As with their civilian clients, more soldiers and veterans could come away from planning sessions with a sense of relief and well-being, planners say.

"Just having light shed on the numbers is very empowering," says Kate Fries, a San Diego planner who has worked with military clients. "It's like, 'I see the monster in the corner and it's really the coat rack.'"

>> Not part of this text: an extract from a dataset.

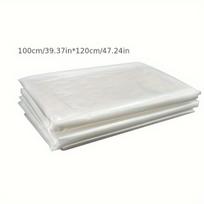 5 vnt. Didelės Skaidrios Plastikinės Saugojimo Maišai , 5 vnt 100,0cm*119,99cm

A soldier who recently met with New Jersey-based military planner Dylan Ross of the Garrett Planning Network believed it would take 17 years to pay off his debts, Ross says. After Ross showed him he could do it in 17 months, the man's relief was palpable. The military could play a leadership role in promoting the value of financial planning in overall health, Purdon adds. "If they had a strong enough program," she says, "there would be a ripple effect."

HELPING OTHERS
After working with Chapman, Stevens began talking openly about his close call with suicide. Before leaving the military, he served in a pilot suicide prevention program available on many bases around the country. He and six others focused on rushing to the aid of imminent suicide risks.

Newly empowered with a clear understanding of how to argue — and win — with creditors, Stevens, who's now managing a sweetFrog yogurt shop in Alexandria, Va., says he began guiding other soldiers on negotiating mounting debt. He estimates he's helped more than a dozen soldiers retain their security clearances.

"It works both ways," Stevens says. "We are a big family and we are taught to help each other."